La troupe passa par la pièce attenante ; les gardes reculaient ensemble, restant face à l’adversaire. Ancelin vit que les hommes-chat se regroupaient pour les affronter. Il allait falloir jouer serré. Gênés par l’étroitesse de la porte, un seul se jeta sur eux, une aubaine qu’exploita Ancelin et ses acolytes. Il fut rapidement cerné et exécuté. Deux soldats maintenaient la porte fermée.

Lianor portait le bébé, Hugon et Hans se chargeaient du brancard.

— Le plus doucement possible, dit le practice, sinon on risque l’hémorragie.

Alix gémit faiblement, elle sortait lentement de sa torpeur. Le bébé pleura. Hugon fit signe à Thibaut, qui prit sa place. Il vint serrer les mains de sa femme. Juste derrière eux, ils percevaient la fureur du combat. Lisette ouvrit la porte qui donnait sur la cour centrale. Ils virent d’autres gardes aux prises avec des assaillants et surtout qu’il leur était impossible de sortir par là. Ancelin et sa troupe les rejoignirent, il manquait deux hommes.

— Impossible de passer, constata Hugel.

— Je connais une sortie, dans la partie arrière du cloître, dit Lisette, les yeux embués de larmes. C’est Benoit qui l’a découverte. Ils refluèrent vers le fond de la grande cour. Lisette ouvrit une porte d’où surgit Biber affolé. En les voyant, son visage afficha un léger soulagement.

— Il y en a un qui est entré dans la bibliothèque, il tue tous ceux qu’il rencontre… c’est terrible, je me suis caché… il a mis le feu, finit-il désespéré.

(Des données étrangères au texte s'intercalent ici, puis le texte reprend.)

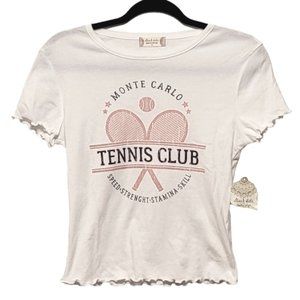 altar'd state baby tee ruffle hem crop top retro preppy 80s white size medium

Ancelin les interpella, deux hommes-chat se précipitaient sur eux.

— Avec moi ! cria Hugel à ses hommes.

Elle se tourna vers Ancelin.

— Vas-y, ils n’ont plus que toi maintenant.

Ils échangèrent un regard de compréhension mutuelle et Ancelin fit signe à Lianor de le suivre. Ils avancèrent au pas, le long d’un couloir silencieux. Pendant un instant, la bataille sembla étrangement lointaine. Lianor essayait de calmer le bébé. Lisette, toujours devant, ils pénétrèrent dans l’arrière-cour. Elle les emmena vers la porte dérobée. Il fallut les larges épaules de Hans pour qu’elle cède. Ils sortirent sur la berge de la rivière, mais un homme-chat tombé du rempart se dressa devant eux. Il se précipita en levant son arme au-dessus du brancard. Ancelin gêné était en arrière.

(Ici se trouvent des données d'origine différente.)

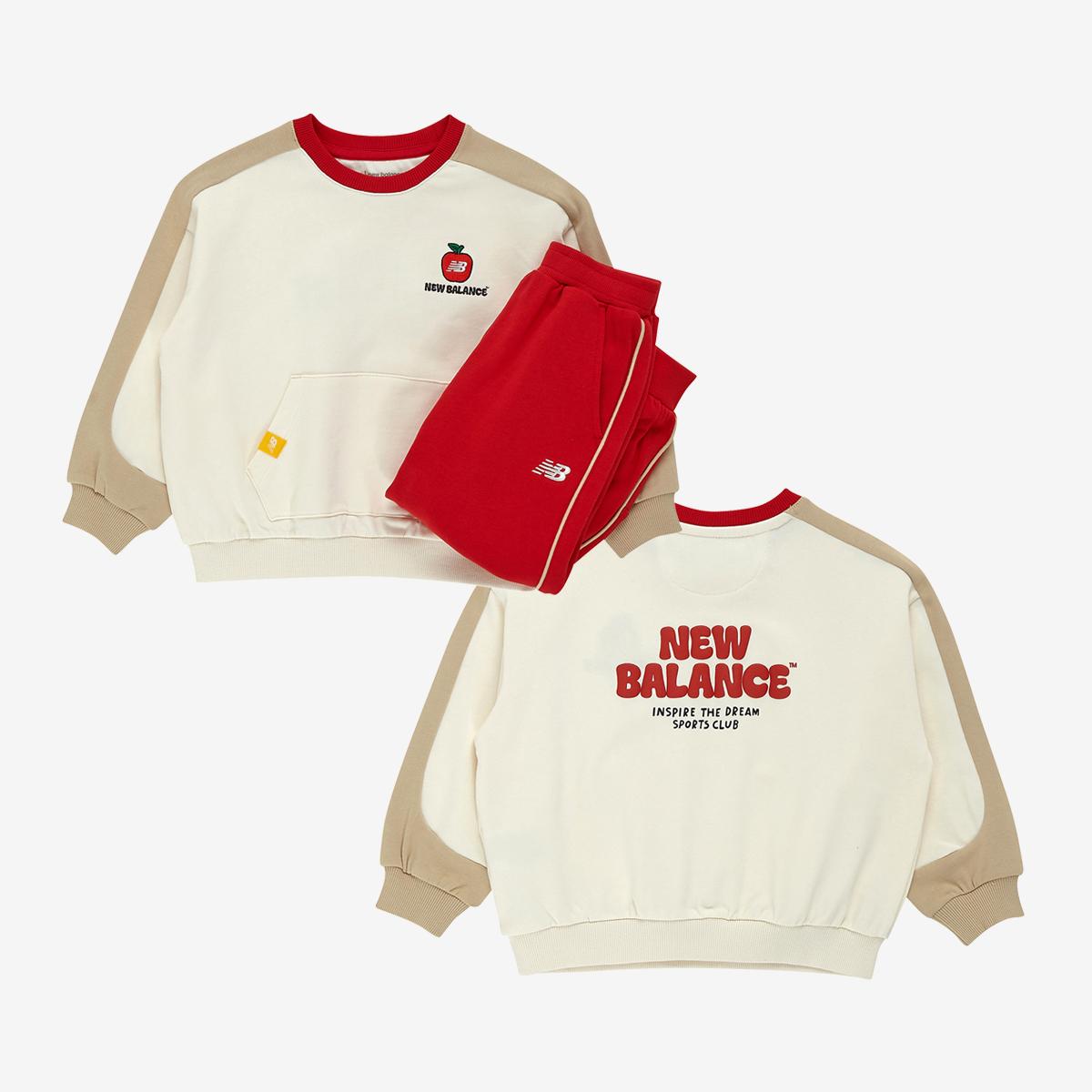 Sunnyday_컬러 배색 맨투맨 세트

— Non ! cria Hugon, qui s’interposa un morceau de bois en main.

Tout alla très vite, il reçut le coup en pleine poitrine en même temps qu’Ancelin se jetait sur l’agresseur de tout son poids. Thibaut et Hans l’attrapèrent par derrière ce qui déstabilisa l’homme-chat qui ne s’attendait pas à ce genre de réaction, Ancelin lui planta l’épée en plein cœur. Ils poussèrent le corps dans le courant.

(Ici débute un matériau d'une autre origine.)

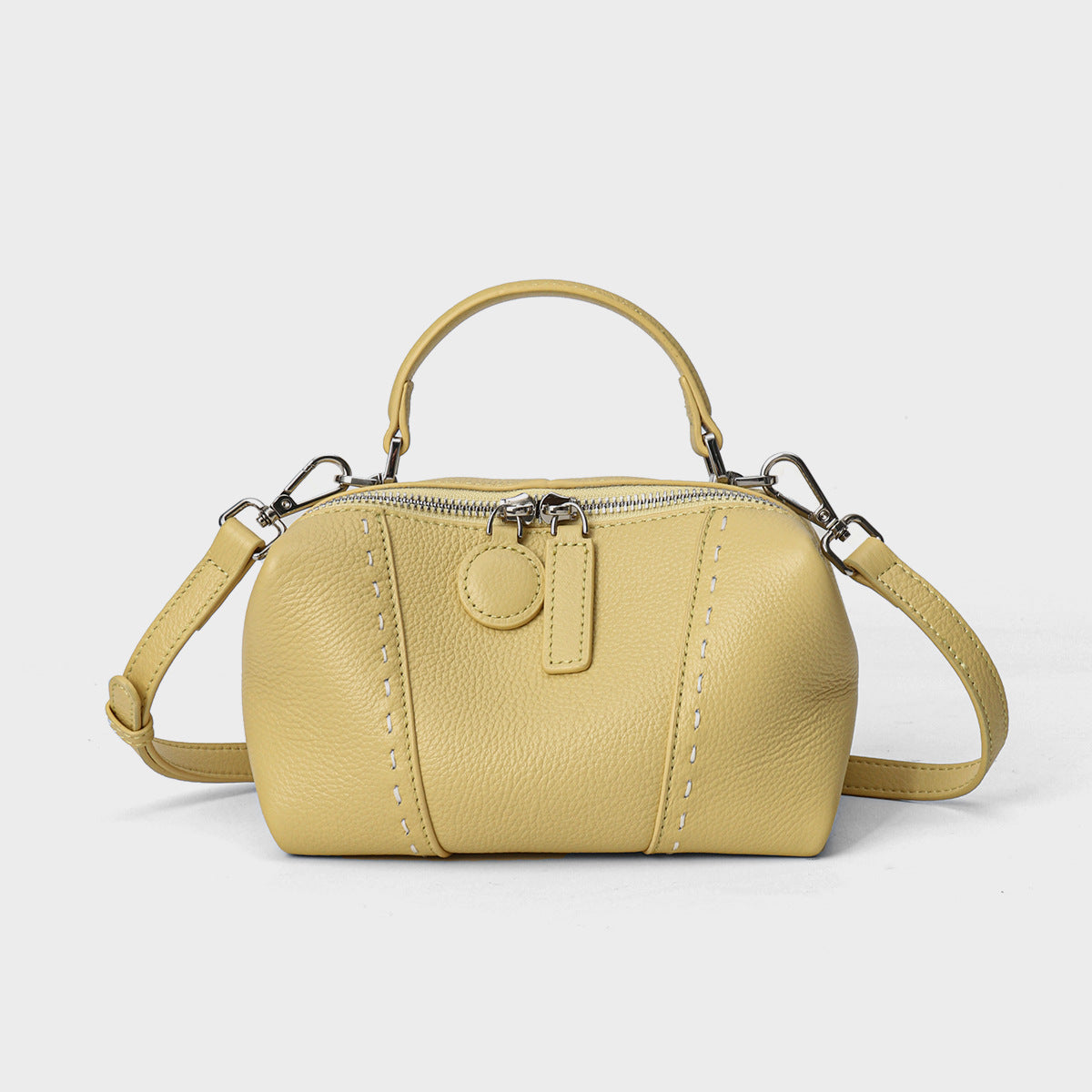 Pebbled Dome Satchel with Detachable Crossbody Strap — product view 7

— Hugon ! crièrent Flore et Lianor.

Tout le monde se précipita. Un filet de sang coulait de la commissure des lèvres. Le practice fit un signe sans équivoque. Flore éclata en sanglots dans les bras de Thibaut. Hugon ouvrit les lèvres, Lianor lui souleva doucement la tête. Il regarda l’enfant.

— Promets-moi de t’occuper d’eux, murmura-t-il.

Elle le reposa, en pleurs. Un silence terrible tomba sur la petite troupe, épuisée, meurtrie et au bord du désespoir. Personne n’avait la force de parler.